CakapCakap – Cakap People! Suhu panas mengakibatkan gletser dan salju di Gunung Everest mencair.
Mencairnya gletser dan salju itu memunculkan banyak mayat pendaki di Gunung Everest tersebut. Operator ekspedisi Gunung Everest menemukan semakin banyak mayat pendaki di puncak tertinggi dunia saat suhu tinggi mencairkan gletser dan salju.
Sejak 1922, lebih dari 200 pendaki gunung telah tewas di puncak tersebut ketika kematian pendaki pertama di Everest dicatat. Mayoritas mayat diyakini masih terkubur di bawah gletser atau salju.
“Karena dampak perubahan iklim dan pemanasan global, salju dan gletser mencair dengan cepat dan mayat-mayat semakin terekspos dan ditemukan oleh para pendaki,” kata Ang Tshering Sherpa, mantan Presiden Asosiasi Pendaki Gunung Nepal, kepada CNN, Senin 25 Maret 2019.
Ang mengatakan, pada 2008, perusahaannya telah membawa turun sebanyak tujuh mayat pendaki. “Beberapa berasal dari pendaki eksepdisi Inggris pada 1970an,” kata dia.
Keadaan Semakin Buruk
Studi menunjukkan bahwa gletser di wilayah Everest mencair dan menipis.
Sobit Kunwar, seorang pejabat Asosiasi Pemandu Gunung Nasional Nepal, mengatakan kepada CNN: “Ini adalah masalah yang sangat serius karena semakin umum dan mempengaruhi operasi kami.”

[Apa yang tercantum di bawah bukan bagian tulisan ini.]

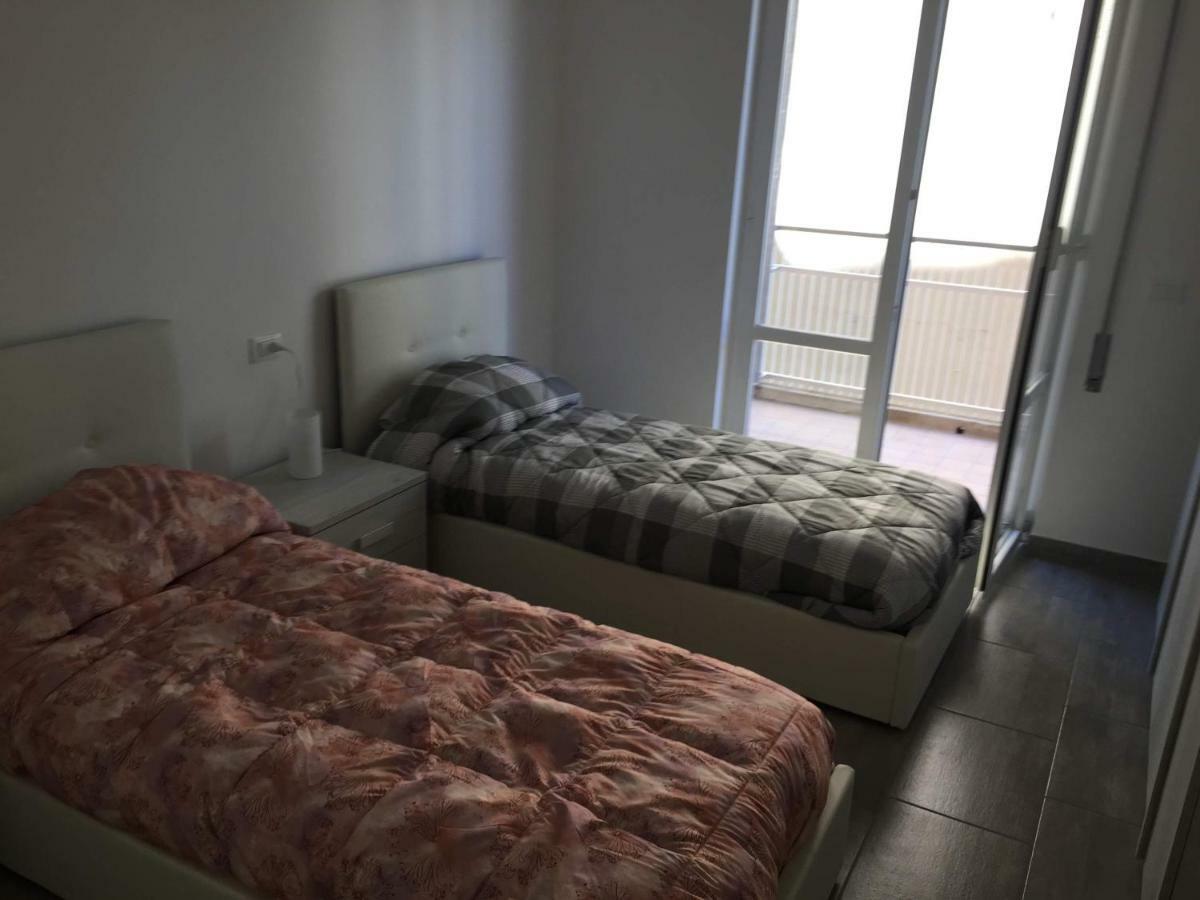 M&Y S House Vicino Alle Spiagge Лаваня Екстериор снимка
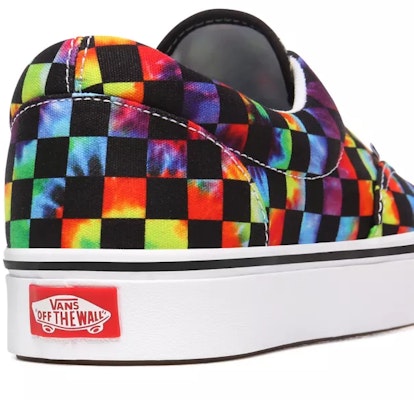 Vans Tie-Dye Checker Comfycush Era Checkboard Multi-Color VN0A3WM9WWU Shop Vans Tie-Dye Checker Comfycush Era Checkboard Multi-Color VN0A3WM9WWU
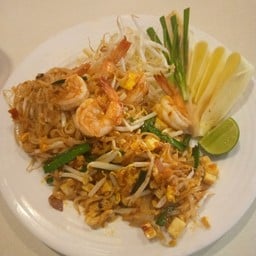 ผัดไทยกุ้งสด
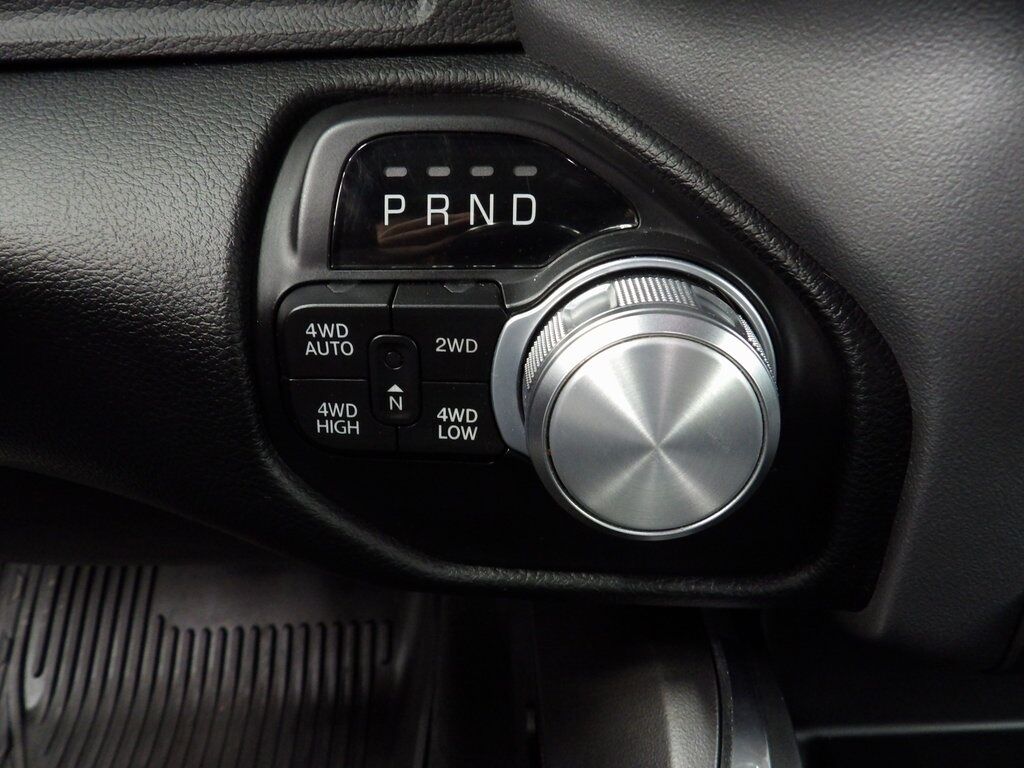 2022 Ram 1500 4x4 Crew Cab Laramie Fond du Lac WI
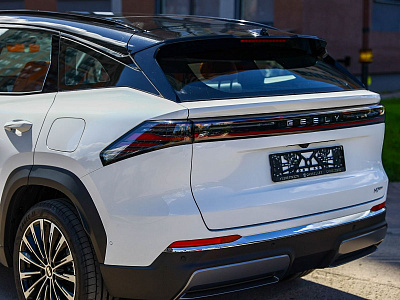 Geely Galaxy M7 белый 2026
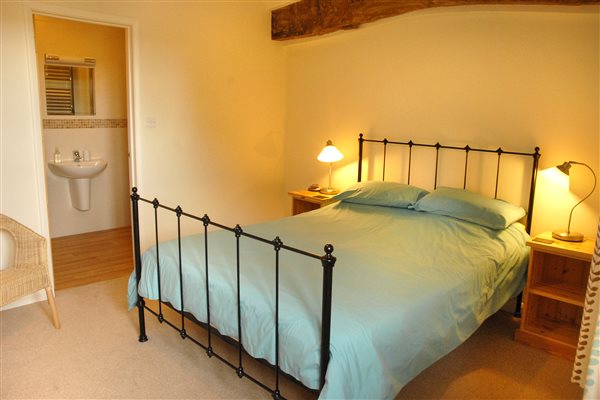 Master bedroom with ensuite Master bedroom with ensuite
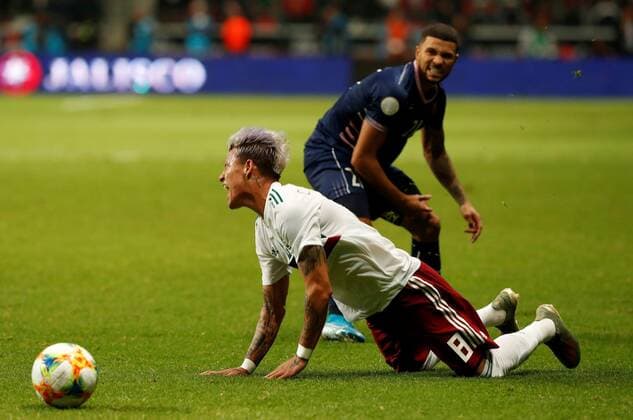 Mexican Cristian Calderon (L) reacts to a fault of Nahki Wells (R) of Bermuda during a match of the group stage of the League of Nations of the Concacaf between Mexico and Bermuda, at the Nemesio Diez stadium in Toluca, Mexico, 19 November 2019. Mexico vs. Bermuda !ACHTUNG: NUR REDAKTIONELLE NUTZUNG!  Copyright: xJorgexNúnezx MEX9287 20191120-637098221399600872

“Kami benar-benar khawatir tentang ini karena semakin buruk. Kami berusaha menyebarkan informasi tentang hal itu sehingga bisa ada cara yang terkoordinasi untuk menghadapinya.”
Bendahara asosiasi, Tenzeeng Sherpa, mengatakan bahwa perubahan iklim memengaruhi Nepal dengan cepat. Dikatakannya juga bahwa sebagian gletser mencair satu meter setiap tahun.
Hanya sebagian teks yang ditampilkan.